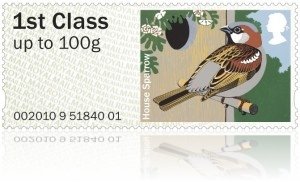 House Sparrow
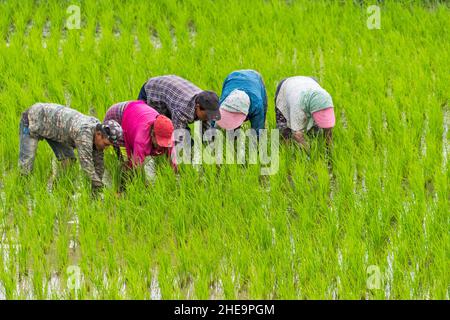 Agricoltori che lavorano su risaie, Punakha, Bhutan Foto Stock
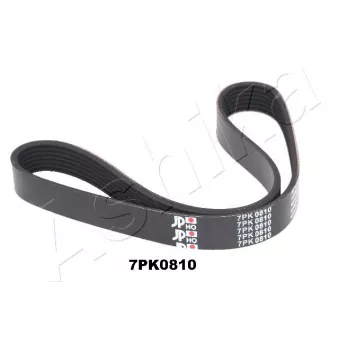 Courroie trapézoïdale à nervures ASHIKA 112-7PK810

## YOUR TASK
Set down the complete material exactly, but do not include the images.

## ANSWER SECTION
 House Sparrow
 Agricoltori che lavorano su risaie, Punakha, Bhutan Foto Stock
 Courroie trapézoïdale à nervures ASHIKA 112-7PK810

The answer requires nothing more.